Chapitre IX
-Bonsoir, mon cher Gaston, dit Marguerite à mon compagnon, je suis bien
aise de vous voir. Pourquoi n'êtes-vous pas entré dans ma loge aux
Variétés?
-Je craignais d'être indiscret.
-Les amis, et Marguerite appuya sur ce mot, comme si elle eût voulu
faire comprendre à ceux qui étaient là que, malgré la façon familière
dont elle l'accueillait, Gaston n'était et n'avait toujours été qu'un
ami, les amis ne sont jamais indiscrets.
-Alors, vous me permettez de vous présenter M. Armand Duval!
-J'avais déjà autorisé Prudence à le faire.
-Du reste, madame, dis-je alors en m'inclinant et en parvenant à rendre
des sons à peu près intelligibles, j'ai déjà eu l'honneur de vous être
présenté.
L'oeil charmant de Marguerite sembla chercher dans son souvenir, mais
elle ne se souvint point, ou parut ne point se souvenir.
-Madame, repris-je alors, je vous suis reconnaissant d'avoir oublié
cette première présentation, car j'y fus très ridicule et dus vous
paraître très ennuyeux. C'était, il y a deux ans, à l'Opéra-Comique;
j'étais avec Ernest de ***...
-Ah! je me rappelle! reprit Marguerite avec un sourire. Ce n'est pas
vous qui étiez ridicule, c'est moi qui étais taquine, comme je le suis
encore un peu, mais moins cependant. Vous m'avez pardonné, monsieur?
Et elle me tendit sa main que je baisai.
-C'est vrai, reprit-elle. Figurez-vous que j'ai la mauvaise habitude de
vouloir embarrasser les gens que je vois pour la première fois. C'est
très sot. Mon médecin dit que c'est parce que je suis nerveuse et
toujours souffrante: croyez mon médecin.
-Mais vous paraissez très bien portante.
-Oh! j'ai été bien malade.
-Je le sais.
-Qui vous l'a dit?
-Tout le monde le savait; je suis venu souvent savoir de vos nouvelles,
et j'ai appris avec plaisir votre convalescence.
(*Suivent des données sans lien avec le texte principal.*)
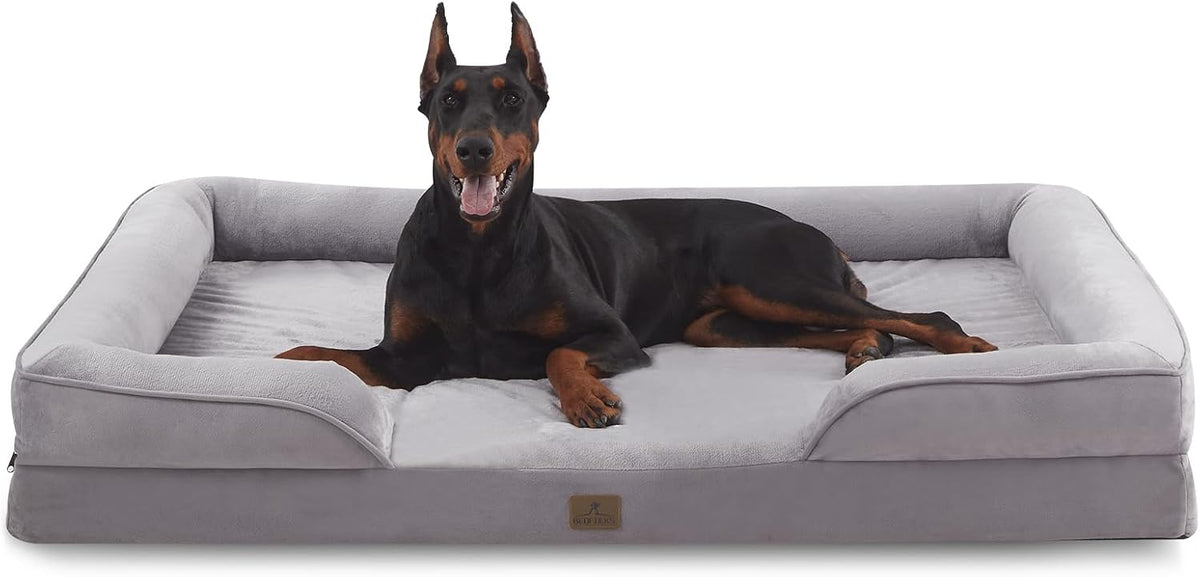 Light grey XXL orthopedic dog couch bed with bolsters and nonslip bottom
-On ne m'a jamais remis votre carte.
-Je ne l'ai jamais laissée.
-Serait-ce vous, ce jeune homme qui venait tous les jours s'informer de
moi pendant ma maladie, et qui n'a jamais voulu dire son nom?
-C'est moi.
-Alors, vous êtes plus qu'indulgent, vous êtes généreux. Ce n'est pas
vous, comte, qui auriez fait cela, ajouta-t-elle en se tournant vers M.
de N..., et après avoir jeté sur moi un de ces regards par lesquels les
femmes complètent leur opinion sur un homme.